Bitch is linebred on Fero in the 3rd and 4th generations brings in Gildo, Mink, Crok, Harro.


Without getting into the specifics on the bitch, we're looking for some local stud talent to see who would be complementary/compatible. Thoughts???

Terrasita


----------



## David Crow (Mar 7, 2011)

What about Wrex vom Enckhausen Mike Diehl is using him and Flemink9 is also using him. OFA excellennt hips.


----------



## jamie lind (Feb 19, 2009)

http://www.staatsmacht.com/home.html


----------



## Britney Pelletier (Mar 5, 2009)

Is your bitch titled? 

You have a LOT of really quality dogs to choose from with the criteria you listed, however, I know many owners of said dogs will only breed their dogs to titled bitches (rightfully so).

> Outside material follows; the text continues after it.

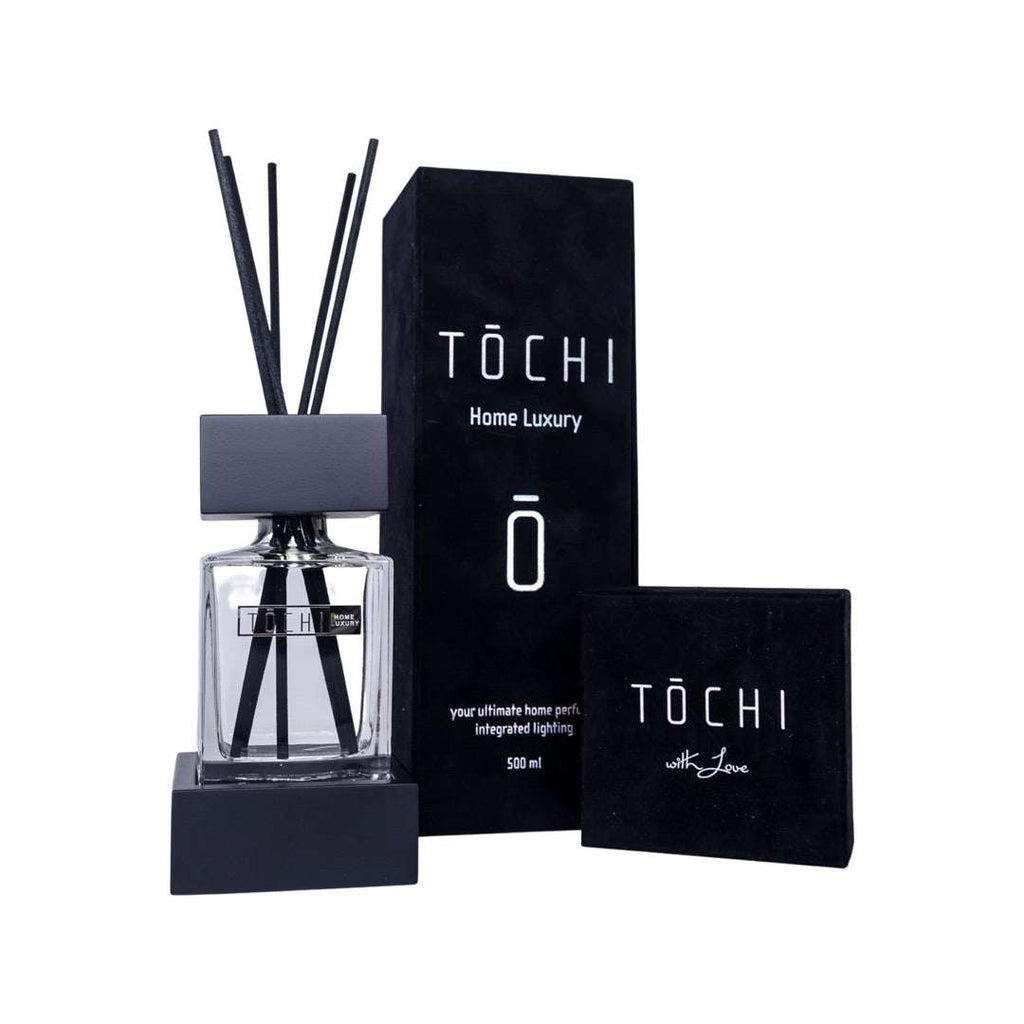 Huisparfum Indian Oudh – zwart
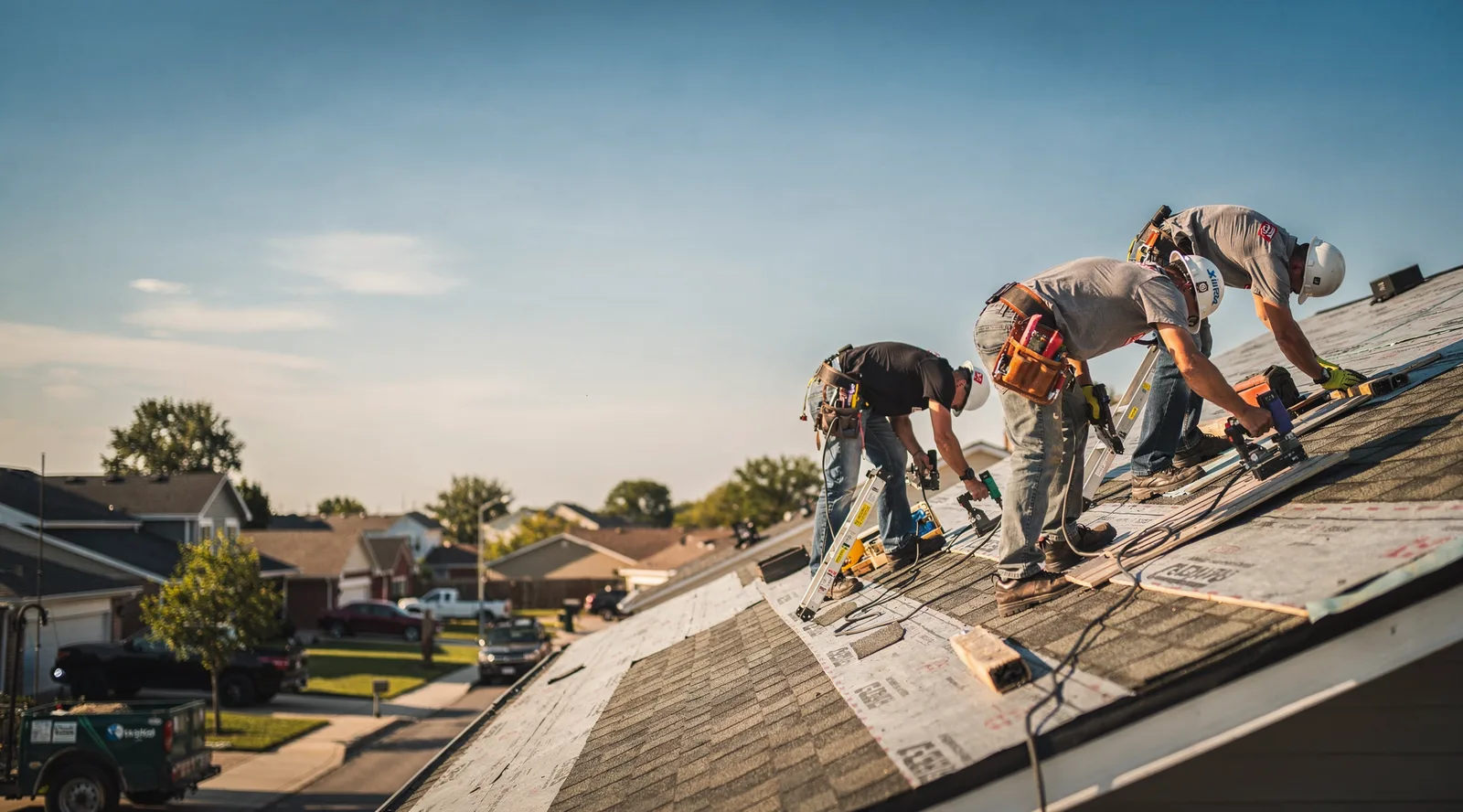 Roof Repair in Daly City, CA near me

Good luck in your search, please let us know who you decide to use!


----------



## Terrasita Cuffie (Jun 8, 2008)

Britney Pelletier said:


> Is your bitch titled?
> 
> You have a LOT of really quality dogs to choose from with the criteria you listed, however, I know many owners of said dogs will only breed their dogs to titled bitches (rightfully so).
> 
> Good luck in your search, please let us know who you decide to use!


If there is a LOT, can you list them?

Terrasita


----------



## Laura Bollschweiler (Apr 25, 2008)

Terrasita Cuffie said:


> Without getting into the specifics on the bitch, we're looking for some local stud talent to see who would be complementary/compatible. Thoughts???
> 
> Terrasita


My mentor in my previous breed could name bloodline combinations that worked, that didn't work, exactly what problems they produced, etc. She knew where she was going with her breeding program, if all worked the way she wanted, generations ahead. She had a plan based on her knowledge of her lines and others' lines.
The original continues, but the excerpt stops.